Vector Databases

What is Vector Database?

Vector DB stores High-dimensional Tensors (Arrays of floats) + Metadata. These are used in AI/ML Operations for data storage and retrieval
These work on concept of similarity search instead of exact match. SQL vs NoSQL vs Vector Databases

How data is stored in a Vector Database?

let's say we have 3 log entries.
1. This is the Raw Data


Log_A: "John uploaded financial report to Gmail."
Log_B: "Sarah downloaded malicious payload from unknown domain."
Log_C: "Service account accessed internal S3 bucket."

2. The Transformation (Neural Net Forward Pass)
You pass these through an embedding model. Let's pretend the output is a 3-dimensional tensor (in reality, it's 768 or 1536 dimensions).


Log_A becomes → Tensor A: [0.95, 0.20, 0.05]
Log_B becomes → Tensor B: [0.10, 0.90, 0.85]
Log_C becomes → Tensor C: [0.80, 0.15, 0.10]
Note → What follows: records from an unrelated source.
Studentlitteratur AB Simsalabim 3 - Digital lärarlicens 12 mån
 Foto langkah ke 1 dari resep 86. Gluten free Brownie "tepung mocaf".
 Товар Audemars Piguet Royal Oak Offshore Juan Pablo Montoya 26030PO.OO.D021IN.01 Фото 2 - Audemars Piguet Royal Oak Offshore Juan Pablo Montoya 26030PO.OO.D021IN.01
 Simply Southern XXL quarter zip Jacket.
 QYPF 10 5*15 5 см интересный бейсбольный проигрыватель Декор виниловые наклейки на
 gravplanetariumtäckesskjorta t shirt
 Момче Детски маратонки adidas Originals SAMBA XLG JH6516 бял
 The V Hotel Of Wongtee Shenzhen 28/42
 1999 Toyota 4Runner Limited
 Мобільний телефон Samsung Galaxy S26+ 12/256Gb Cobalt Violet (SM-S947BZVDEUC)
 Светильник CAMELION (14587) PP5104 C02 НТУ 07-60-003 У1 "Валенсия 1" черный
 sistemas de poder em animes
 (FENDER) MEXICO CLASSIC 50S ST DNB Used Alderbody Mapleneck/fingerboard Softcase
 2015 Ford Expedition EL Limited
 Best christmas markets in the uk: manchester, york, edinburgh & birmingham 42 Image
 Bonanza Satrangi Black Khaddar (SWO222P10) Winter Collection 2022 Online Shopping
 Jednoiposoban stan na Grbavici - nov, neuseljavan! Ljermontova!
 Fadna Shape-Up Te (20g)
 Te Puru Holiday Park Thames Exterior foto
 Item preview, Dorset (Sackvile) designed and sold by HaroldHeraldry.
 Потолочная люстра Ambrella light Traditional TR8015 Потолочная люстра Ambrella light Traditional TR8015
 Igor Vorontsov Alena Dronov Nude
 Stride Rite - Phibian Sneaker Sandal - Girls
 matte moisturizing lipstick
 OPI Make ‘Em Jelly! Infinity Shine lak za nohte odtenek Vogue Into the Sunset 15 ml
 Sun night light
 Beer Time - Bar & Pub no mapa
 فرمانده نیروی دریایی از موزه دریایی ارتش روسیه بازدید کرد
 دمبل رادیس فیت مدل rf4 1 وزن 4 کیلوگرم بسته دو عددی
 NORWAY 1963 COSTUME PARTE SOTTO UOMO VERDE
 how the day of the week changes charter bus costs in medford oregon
3. Storage inside the Vector DB
Inside the VDB, the data is not stored as rows in a table. It is stored as Nodes in a graph (if using HNSW)
VDB draws edges between these vectors. It notices that Vector A (0.95) and Vector C (0.80) are mathematically close, so it makes them neighbors in a graph. Vector B (0.90, 0.85) is far away on the other side of the graph.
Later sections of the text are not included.